Bloom Filter and other Lucene utils

Hi all (but mostly Shay),

I came across this posting from the Grepling blog today (I'm not really familiar with Greplin, the link was passed by a friend): http://tech.blog.greplin.com/lucene-utilities-and-bloom-filters

They describe a number of features that they've developed and made available on Github; in particular they describe their implementation of a Bloom filter. I've noticed that ES incorporates a "SimpleBloomCache" as per this thread:

http://groups.google.com/a/elasticsearch.com/group/users/browse_thread/thread/d167989c71cfd0/1fcc8bea32623e90?lnk=gst

My questions are thus:

  • would the Greplin Bloom implementation be a worthwhile (or even possible) improvement to ES?
  • would any/all of the other features be worth porting to ES?

I'm normally reluctant to suggest large enhancements/features, but in this case it seems that having code already written and openly available might make it a reasonable notion. What are your thoughts?

Cheers,
MJ

Heya,
On Thursday, April 14, 2011 at 6:49 PM, MJ Suhonos wrote:

Hi all (but mostly Shay),

I came across this posting from the Grepling blog today (I'm not really familiar with Greplin, the link was passed by a friend): http://tech.blog.greplin.com/lucene-utilities-and-bloom-filters

They describe a number of features that they've developed and made available on Github; in particular they describe their implementation of a Bloom filter. I've noticed that ES incorporates a "SimpleBloomCache" as per this thread:

http://groups.google.com/a/elasticsearch.com/group/users/browse_thread/thread/d167989c71cfd0/1fcc8bea32623e90?lnk=gst

My questions are thus:

  • would the Greplin Bloom implementation be a worthwhile (or even possible) improvement to ES?
    The bloom filter greplin did is not really related to Lucene, though can be used in certain places when working with Lucene. Had a quick look at the implementation, ES one is different, inspired by Cassandra (which uses Lucene OpenBitSet for it :), round and round the open source goes). The ES implementation will be faster and use less memory, though I have not tested it, just by looking at the code.
  • would any/all of the other features be worth porting to ES?
    The only thing that I see is the phrase query, which can be easily added as another query option (it simply wraps Lucene MultiPhraseQuery).

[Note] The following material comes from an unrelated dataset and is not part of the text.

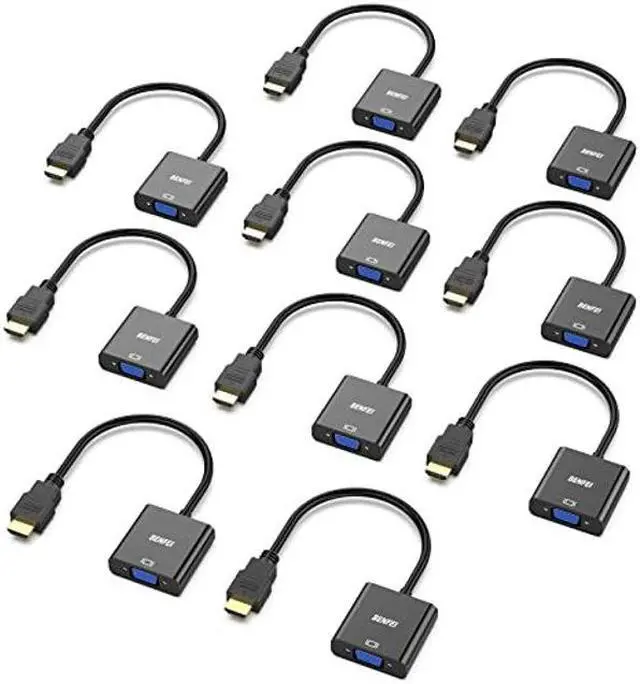 Main image of BENFEI HDMI to VGA, 10 Pack, Gold-Plated HDMI to VGA Adapter (Male to Female) for Computer, Desktop, Laptop, PC, Monitor, Projector, HDTV, Chromebook, Raspberry Pi, Roku, Xbox and More - Black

Actually, the more interesting work Greplin did is with interval fields (its another project on github). That would be a cool feature to have in ES, but I need to review it more before including it in ES.

I'm normally reluctant to suggest large enhancements/features, but in this case it seems that having code already written and openly available might make it a reasonable notion. What are your thoughts?
Don't be reluctant to suggest any type of feature, no matter how big or small, thats the first thought that jumps to mind :slight_smile:

Cheers,
MJ

  • would the Greplin Bloom implementation be a worthwhile (or even possible) improvement to ES?
    ... The ES implementation will be faster and use less memory, though I have not tested it, just by looking at the code.

Fair enough; I'm not surprised of course, but wanted to mention it so you were aware of it.

  • would any/all of the other features be worth porting to ES?
    The only thing that I see is the phrase query, which can be easily added as another query option (it simply wraps Lucene MultiPhraseQuery).

That might be handy.

I'm normally reluctant to suggest large enhancements/features, but in this case it seems that having code already written and openly available might make it a reasonable notion. What are your thoughts?
Don't be reluctant to suggest any type of feature, no matter how big or small, thats the first thought that jumps to mind :slight_smile:

Also noted. :wink:

Thanks as always,
MJ